In Bangladesh the rise in demand for maize - as human food and from the poultry and fish industries - has led to a trend away from traditional rice-rice and rice-wheat cropping systems and toward rice-maize systems. But actual farm yields of rice and maize fall below their potential. This project will identify, test and promote key interventions in four districts that will lead to sustainable cropping intensification - resulting in double- and/or triple-cropping rice-maize systems. Specific objectives to improve these systems are: (i) to assess and prioritise constraints to, and opportunities for, uptake of improved management options; (ii) to evaluate and identify elite maize germplasm tolerant of excess moisture; (iii) to develop locally adapted management solutions for high-yielding, profitable, resource-efficient, and sustainable rice-maize systems; (iv) to build capacity and disseminate key technologies.

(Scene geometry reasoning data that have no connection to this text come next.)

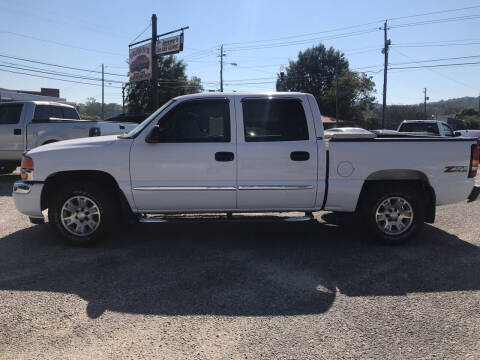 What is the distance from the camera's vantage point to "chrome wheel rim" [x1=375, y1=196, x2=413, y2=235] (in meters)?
5.43

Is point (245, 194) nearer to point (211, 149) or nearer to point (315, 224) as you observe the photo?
point (211, 149)

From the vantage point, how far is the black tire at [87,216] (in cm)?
521

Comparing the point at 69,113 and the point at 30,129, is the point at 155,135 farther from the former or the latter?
the point at 69,113

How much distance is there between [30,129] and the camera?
35.4ft

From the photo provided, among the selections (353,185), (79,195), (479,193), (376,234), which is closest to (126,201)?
(79,195)

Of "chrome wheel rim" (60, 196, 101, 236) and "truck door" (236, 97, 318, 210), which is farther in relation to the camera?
"chrome wheel rim" (60, 196, 101, 236)

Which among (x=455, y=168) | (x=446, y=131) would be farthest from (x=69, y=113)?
(x=446, y=131)

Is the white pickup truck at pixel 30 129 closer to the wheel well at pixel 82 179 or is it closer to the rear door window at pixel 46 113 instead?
the rear door window at pixel 46 113

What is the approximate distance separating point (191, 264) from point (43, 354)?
6.62 ft

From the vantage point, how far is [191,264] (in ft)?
15.7

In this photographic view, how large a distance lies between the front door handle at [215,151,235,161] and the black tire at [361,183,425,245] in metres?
1.87

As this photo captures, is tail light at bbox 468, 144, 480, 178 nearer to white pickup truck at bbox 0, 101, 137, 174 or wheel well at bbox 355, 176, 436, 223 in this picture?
wheel well at bbox 355, 176, 436, 223

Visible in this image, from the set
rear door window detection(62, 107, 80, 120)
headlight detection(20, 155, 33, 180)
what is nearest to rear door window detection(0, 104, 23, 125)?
rear door window detection(62, 107, 80, 120)

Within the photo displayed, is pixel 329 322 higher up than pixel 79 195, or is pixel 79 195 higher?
pixel 79 195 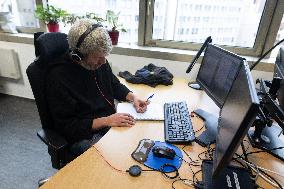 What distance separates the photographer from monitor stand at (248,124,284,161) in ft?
3.87

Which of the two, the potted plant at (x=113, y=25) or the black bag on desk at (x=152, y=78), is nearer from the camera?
the black bag on desk at (x=152, y=78)

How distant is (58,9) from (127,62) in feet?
2.97

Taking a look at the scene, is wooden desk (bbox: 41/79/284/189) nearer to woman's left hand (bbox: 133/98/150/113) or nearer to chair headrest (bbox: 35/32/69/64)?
woman's left hand (bbox: 133/98/150/113)

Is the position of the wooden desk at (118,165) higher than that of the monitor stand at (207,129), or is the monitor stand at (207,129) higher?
the monitor stand at (207,129)

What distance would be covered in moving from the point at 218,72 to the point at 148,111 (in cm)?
48

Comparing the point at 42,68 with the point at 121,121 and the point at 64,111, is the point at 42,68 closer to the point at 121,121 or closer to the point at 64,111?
the point at 64,111

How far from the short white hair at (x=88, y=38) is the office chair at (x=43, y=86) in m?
0.14

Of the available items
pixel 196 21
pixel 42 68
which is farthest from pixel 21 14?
pixel 196 21

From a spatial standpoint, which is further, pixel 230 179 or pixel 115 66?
pixel 115 66

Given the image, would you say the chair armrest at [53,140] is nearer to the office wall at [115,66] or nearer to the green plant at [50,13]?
the office wall at [115,66]

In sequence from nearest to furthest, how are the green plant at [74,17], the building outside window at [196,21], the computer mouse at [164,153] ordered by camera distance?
the computer mouse at [164,153] → the building outside window at [196,21] → the green plant at [74,17]

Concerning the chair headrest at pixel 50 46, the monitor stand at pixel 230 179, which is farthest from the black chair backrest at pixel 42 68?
the monitor stand at pixel 230 179

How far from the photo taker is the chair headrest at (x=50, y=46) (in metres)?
1.28

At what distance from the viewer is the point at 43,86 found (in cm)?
130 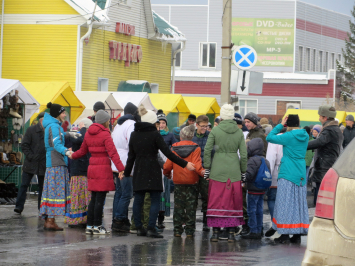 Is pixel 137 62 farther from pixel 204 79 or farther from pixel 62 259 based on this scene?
pixel 62 259

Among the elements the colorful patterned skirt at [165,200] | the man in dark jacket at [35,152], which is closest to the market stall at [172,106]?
the man in dark jacket at [35,152]

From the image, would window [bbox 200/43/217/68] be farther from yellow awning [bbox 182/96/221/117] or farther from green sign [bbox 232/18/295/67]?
yellow awning [bbox 182/96/221/117]

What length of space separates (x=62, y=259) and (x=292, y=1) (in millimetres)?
46684

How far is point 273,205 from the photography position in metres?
9.95

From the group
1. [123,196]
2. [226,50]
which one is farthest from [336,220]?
[226,50]

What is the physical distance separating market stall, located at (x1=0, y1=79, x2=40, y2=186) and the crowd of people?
4238 millimetres

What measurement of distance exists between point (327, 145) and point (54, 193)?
4.25m

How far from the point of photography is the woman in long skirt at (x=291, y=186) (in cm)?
888

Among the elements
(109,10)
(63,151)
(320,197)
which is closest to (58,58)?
(109,10)

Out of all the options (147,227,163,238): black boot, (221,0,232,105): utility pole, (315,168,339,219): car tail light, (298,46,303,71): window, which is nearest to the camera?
(315,168,339,219): car tail light

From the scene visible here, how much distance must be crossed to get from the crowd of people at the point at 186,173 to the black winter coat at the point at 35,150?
4.51 feet

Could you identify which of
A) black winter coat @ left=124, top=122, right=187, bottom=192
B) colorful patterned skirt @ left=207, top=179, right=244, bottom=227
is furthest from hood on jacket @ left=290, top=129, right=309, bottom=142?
black winter coat @ left=124, top=122, right=187, bottom=192

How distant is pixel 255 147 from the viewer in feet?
30.6

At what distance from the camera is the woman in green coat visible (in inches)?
349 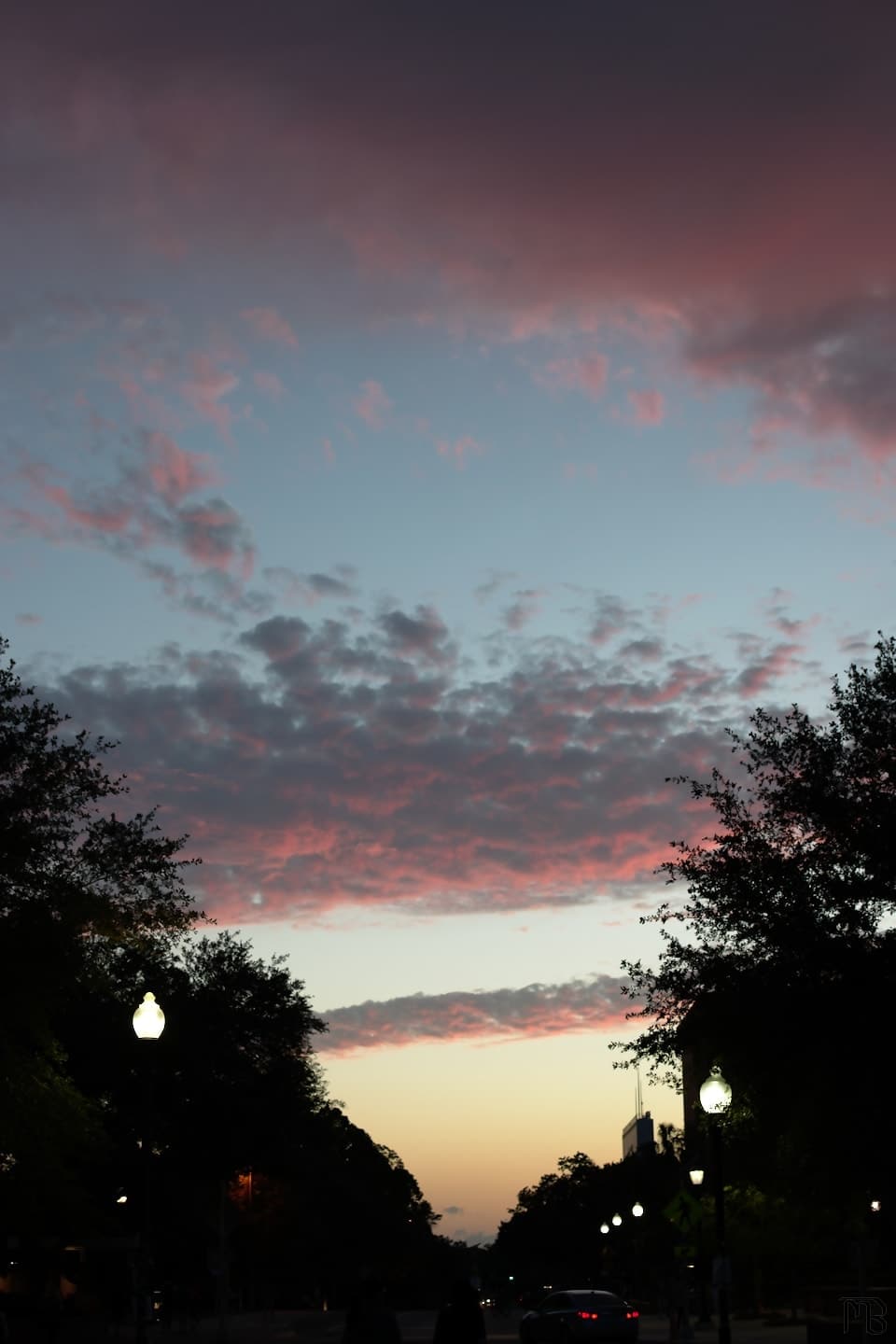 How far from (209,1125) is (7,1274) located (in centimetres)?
1368

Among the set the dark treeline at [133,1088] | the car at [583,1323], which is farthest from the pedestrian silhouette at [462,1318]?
the car at [583,1323]

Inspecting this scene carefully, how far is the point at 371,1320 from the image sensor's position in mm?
15312

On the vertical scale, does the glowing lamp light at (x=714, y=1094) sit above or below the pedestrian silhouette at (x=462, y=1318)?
above

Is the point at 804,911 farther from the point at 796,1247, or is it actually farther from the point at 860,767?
the point at 796,1247

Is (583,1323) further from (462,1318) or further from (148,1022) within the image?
(462,1318)

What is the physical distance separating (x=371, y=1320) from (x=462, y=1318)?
10.2 ft

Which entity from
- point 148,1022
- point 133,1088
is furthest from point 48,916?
point 133,1088

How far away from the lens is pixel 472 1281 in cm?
1884

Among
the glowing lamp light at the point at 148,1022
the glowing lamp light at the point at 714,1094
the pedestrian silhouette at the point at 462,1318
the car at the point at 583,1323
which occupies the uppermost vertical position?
the glowing lamp light at the point at 148,1022

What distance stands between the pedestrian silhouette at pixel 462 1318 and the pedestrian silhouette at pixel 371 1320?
7.68 feet

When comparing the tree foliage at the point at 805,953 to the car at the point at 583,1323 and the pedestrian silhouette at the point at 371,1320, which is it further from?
the pedestrian silhouette at the point at 371,1320

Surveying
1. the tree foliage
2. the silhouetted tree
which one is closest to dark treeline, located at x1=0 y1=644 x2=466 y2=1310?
the silhouetted tree

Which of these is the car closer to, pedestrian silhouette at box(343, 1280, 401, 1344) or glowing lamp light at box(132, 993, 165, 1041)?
glowing lamp light at box(132, 993, 165, 1041)

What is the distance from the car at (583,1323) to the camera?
3934cm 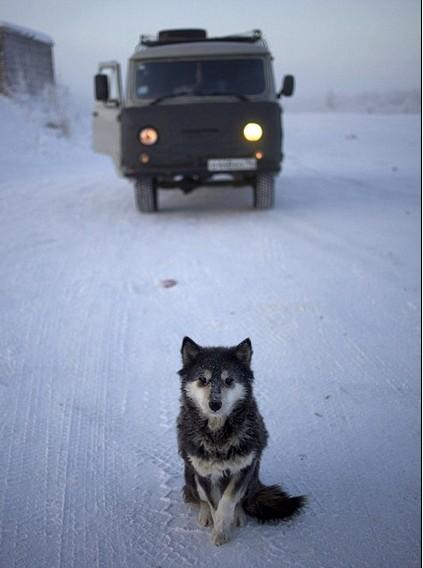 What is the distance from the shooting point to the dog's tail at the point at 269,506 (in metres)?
2.61

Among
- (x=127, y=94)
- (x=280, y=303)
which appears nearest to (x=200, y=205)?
(x=127, y=94)

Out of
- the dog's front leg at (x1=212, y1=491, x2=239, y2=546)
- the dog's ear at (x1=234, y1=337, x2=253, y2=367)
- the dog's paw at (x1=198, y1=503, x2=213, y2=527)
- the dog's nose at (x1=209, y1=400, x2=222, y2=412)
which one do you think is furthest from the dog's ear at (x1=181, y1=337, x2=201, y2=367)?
the dog's paw at (x1=198, y1=503, x2=213, y2=527)

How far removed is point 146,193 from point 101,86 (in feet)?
6.19

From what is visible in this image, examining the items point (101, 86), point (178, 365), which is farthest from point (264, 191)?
point (178, 365)

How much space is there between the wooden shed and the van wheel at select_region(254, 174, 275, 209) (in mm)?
16095

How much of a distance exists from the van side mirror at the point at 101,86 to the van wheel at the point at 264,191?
9.52 feet

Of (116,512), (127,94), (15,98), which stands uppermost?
(15,98)

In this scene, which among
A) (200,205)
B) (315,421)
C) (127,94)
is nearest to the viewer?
(315,421)

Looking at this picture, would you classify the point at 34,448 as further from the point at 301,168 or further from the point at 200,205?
the point at 301,168

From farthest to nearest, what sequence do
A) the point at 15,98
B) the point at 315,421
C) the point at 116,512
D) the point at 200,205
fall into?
the point at 15,98
the point at 200,205
the point at 315,421
the point at 116,512

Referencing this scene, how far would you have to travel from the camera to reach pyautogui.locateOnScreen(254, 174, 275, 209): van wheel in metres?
8.61

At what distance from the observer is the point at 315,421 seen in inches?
135

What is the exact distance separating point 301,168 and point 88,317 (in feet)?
34.8

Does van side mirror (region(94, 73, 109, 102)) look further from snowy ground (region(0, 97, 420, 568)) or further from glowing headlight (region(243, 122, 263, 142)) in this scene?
glowing headlight (region(243, 122, 263, 142)) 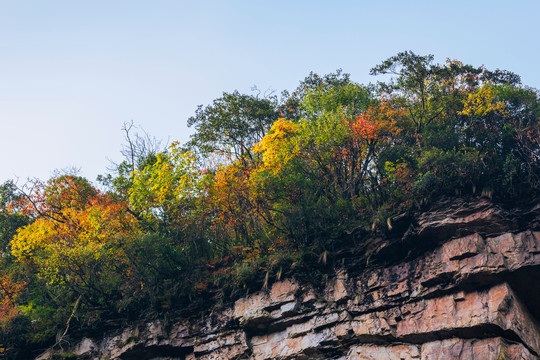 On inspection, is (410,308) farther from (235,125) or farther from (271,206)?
(235,125)

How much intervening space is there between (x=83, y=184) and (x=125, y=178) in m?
4.48

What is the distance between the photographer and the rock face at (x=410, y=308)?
1421 cm

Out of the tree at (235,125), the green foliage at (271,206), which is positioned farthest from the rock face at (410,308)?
the tree at (235,125)

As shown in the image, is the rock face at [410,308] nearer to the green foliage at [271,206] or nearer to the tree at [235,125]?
the green foliage at [271,206]

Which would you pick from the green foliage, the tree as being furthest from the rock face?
the tree

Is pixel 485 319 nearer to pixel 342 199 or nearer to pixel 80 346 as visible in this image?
pixel 342 199

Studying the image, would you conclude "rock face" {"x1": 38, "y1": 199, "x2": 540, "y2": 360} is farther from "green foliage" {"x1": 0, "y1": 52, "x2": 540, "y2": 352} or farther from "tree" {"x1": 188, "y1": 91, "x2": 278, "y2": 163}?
"tree" {"x1": 188, "y1": 91, "x2": 278, "y2": 163}

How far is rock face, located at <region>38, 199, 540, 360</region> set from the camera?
46.6 feet

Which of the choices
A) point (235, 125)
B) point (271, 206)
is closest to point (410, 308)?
point (271, 206)

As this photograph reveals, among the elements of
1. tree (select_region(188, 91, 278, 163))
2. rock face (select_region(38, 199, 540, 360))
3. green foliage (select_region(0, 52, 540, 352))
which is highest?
tree (select_region(188, 91, 278, 163))

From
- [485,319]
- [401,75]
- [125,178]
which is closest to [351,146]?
[401,75]

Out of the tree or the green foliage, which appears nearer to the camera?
the green foliage

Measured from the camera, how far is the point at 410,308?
50.7 feet

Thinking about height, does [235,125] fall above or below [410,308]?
above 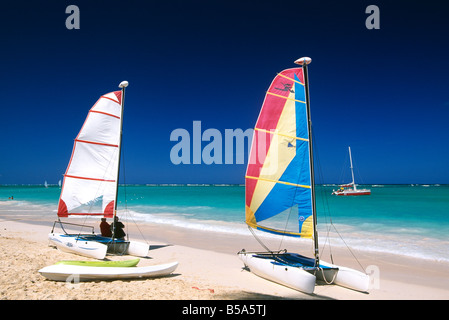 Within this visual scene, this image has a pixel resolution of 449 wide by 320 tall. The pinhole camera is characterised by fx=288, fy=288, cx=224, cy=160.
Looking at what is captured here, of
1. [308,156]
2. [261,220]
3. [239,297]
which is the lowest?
[239,297]

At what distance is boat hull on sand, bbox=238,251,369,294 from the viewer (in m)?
6.45

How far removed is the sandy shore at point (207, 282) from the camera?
570 centimetres

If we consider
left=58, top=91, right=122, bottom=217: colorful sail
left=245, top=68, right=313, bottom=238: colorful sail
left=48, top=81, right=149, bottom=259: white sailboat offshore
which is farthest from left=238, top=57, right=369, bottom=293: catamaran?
left=58, top=91, right=122, bottom=217: colorful sail

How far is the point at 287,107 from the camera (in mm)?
8148

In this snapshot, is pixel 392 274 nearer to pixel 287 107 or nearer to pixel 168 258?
Answer: pixel 287 107

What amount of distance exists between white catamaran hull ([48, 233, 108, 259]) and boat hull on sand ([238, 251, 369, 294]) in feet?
16.6

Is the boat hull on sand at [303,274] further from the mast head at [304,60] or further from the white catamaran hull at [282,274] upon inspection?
the mast head at [304,60]

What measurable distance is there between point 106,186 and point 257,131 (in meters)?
6.85

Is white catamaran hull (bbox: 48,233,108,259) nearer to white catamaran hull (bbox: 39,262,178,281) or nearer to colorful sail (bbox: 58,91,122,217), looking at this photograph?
colorful sail (bbox: 58,91,122,217)

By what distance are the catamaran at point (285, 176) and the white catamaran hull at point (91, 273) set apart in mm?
3018

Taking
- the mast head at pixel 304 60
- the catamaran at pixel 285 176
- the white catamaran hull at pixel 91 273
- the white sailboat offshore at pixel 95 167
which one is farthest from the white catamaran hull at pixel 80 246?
the mast head at pixel 304 60

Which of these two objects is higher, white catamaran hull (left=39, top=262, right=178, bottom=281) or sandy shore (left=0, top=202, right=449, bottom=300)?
white catamaran hull (left=39, top=262, right=178, bottom=281) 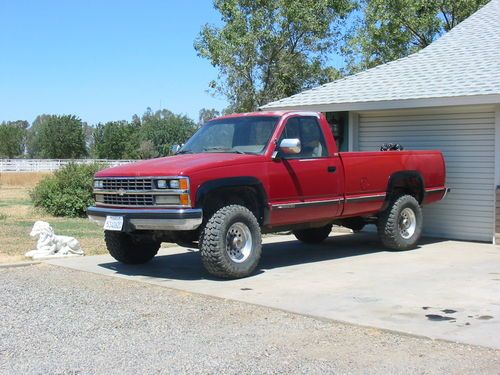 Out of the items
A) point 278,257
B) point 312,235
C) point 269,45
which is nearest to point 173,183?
point 278,257

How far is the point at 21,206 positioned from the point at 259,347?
57.7 ft

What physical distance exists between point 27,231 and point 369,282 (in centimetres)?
842

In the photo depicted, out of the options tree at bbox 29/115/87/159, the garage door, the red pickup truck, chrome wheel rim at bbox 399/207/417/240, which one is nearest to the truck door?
the red pickup truck

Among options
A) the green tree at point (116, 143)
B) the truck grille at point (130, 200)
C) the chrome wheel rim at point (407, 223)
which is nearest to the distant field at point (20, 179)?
the chrome wheel rim at point (407, 223)

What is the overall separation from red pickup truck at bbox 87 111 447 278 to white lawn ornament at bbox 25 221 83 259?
5.11 ft

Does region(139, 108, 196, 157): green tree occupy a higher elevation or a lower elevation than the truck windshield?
higher

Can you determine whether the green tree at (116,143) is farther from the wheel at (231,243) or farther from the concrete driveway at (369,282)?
the wheel at (231,243)

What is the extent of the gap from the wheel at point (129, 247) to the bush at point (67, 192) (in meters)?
8.95

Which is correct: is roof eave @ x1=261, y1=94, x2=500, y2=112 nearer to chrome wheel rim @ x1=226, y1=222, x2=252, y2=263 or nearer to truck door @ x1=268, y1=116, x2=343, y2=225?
truck door @ x1=268, y1=116, x2=343, y2=225

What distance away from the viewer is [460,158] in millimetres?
12102

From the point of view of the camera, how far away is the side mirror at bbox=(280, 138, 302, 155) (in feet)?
29.0

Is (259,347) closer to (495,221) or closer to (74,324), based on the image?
(74,324)

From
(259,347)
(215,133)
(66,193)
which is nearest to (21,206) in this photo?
(66,193)

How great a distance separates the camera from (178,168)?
8.17 m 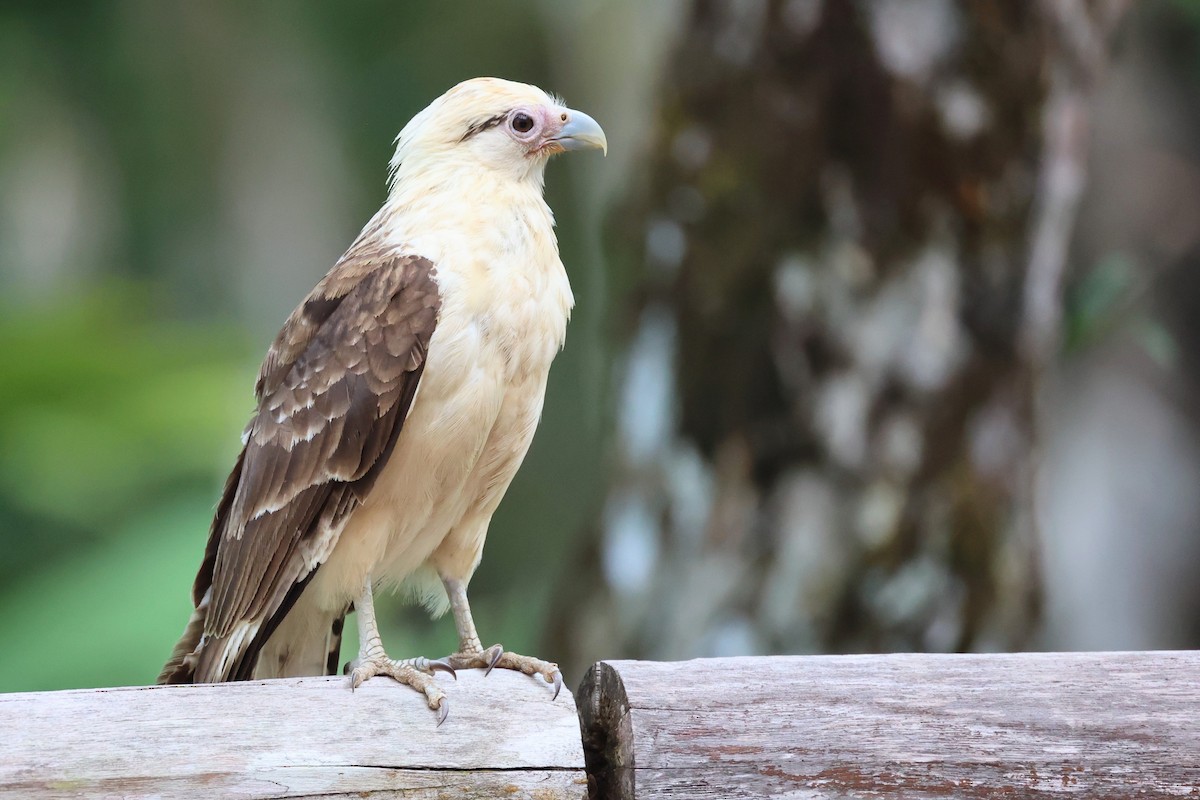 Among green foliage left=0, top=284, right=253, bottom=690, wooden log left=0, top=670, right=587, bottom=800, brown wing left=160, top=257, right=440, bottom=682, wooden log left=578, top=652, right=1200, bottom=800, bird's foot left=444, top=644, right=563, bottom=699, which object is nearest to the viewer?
wooden log left=0, top=670, right=587, bottom=800

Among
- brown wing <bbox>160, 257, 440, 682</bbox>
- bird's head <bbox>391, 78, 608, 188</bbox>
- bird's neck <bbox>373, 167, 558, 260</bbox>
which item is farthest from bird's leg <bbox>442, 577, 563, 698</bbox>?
bird's head <bbox>391, 78, 608, 188</bbox>

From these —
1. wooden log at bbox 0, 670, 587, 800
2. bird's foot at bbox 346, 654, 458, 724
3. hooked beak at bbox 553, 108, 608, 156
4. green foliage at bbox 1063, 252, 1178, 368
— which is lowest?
wooden log at bbox 0, 670, 587, 800

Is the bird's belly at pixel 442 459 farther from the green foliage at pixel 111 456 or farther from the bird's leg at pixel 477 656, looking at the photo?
the green foliage at pixel 111 456

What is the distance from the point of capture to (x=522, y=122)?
10.7 feet

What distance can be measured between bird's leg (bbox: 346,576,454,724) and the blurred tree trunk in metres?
1.75

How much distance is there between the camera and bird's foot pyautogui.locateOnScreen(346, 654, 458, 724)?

Associated socioeconomic studies will undertake a strategic assessment and an empirical analysis of rice-maize systems and also conduct an impact assessment of key rice-maize options for the intensification of rice-based cropping systems. The project will be jointly managed by IRRI and CIMMYT in collaboration with government organisations (BARI, BRRI, BARD) and non-government organisations (BRAC, RDRS). We will establish partnerships using a range of public- and private-sector extension mechanisms to achieve rapid out-scaling of adapted management practices, thereby enabling large numbers of farmers to achieve high and sustained profit by adjusting the production of rice, maize, and other crops in response to markets and cost of inputs. We aim to achieve greater focus of partner institutions on sustainable system-level management, greater integration of germplasm improvement with crop management, greater consistency among researchers and between the public and private sector on technologies, and greater access of farmers to new information and technologies. A Technical Expert Group composed of lead investigators from government organisations and non-government organisations will facilitate consistency in the development and adaptation of technologies that address systems management. A National Working Group-which will additionally include representatives from extension, BADC, private seed companies, and local service providers-will facilitate wide-scale dissemination.
The project builds on existing linkages and experience from IRRI, CIMMYT and ACIAR projects in Bangladesh and South Asia. It will link with two ACIAR projects-LWR/2005/001 (Addressing legume constraints in cereals-based cropping systems) and CIM/2007/027 (Development of conservation farming implements)-by adapting and using the zero- or strip-till drill and other machinery in those projects.
The project will have significant scientific, economic, social, and community impacts. Assuming that improved technologies are taken up over the duration of the project in 4% of current rice-maize areas, benefit will be A$22.8 million. If, after 5 years from project completion, the area of rice-maize remains unchanged but adoption of technologies increases to 10% of the area, the benefit will be A$113 million. Capacity of researchers, extension workers, and farmers will be enhanced with regard to new technologies for system management. The adoption of sustainable intensive rice-maize systems will generate more year-round on-farm employment for the rural workforce.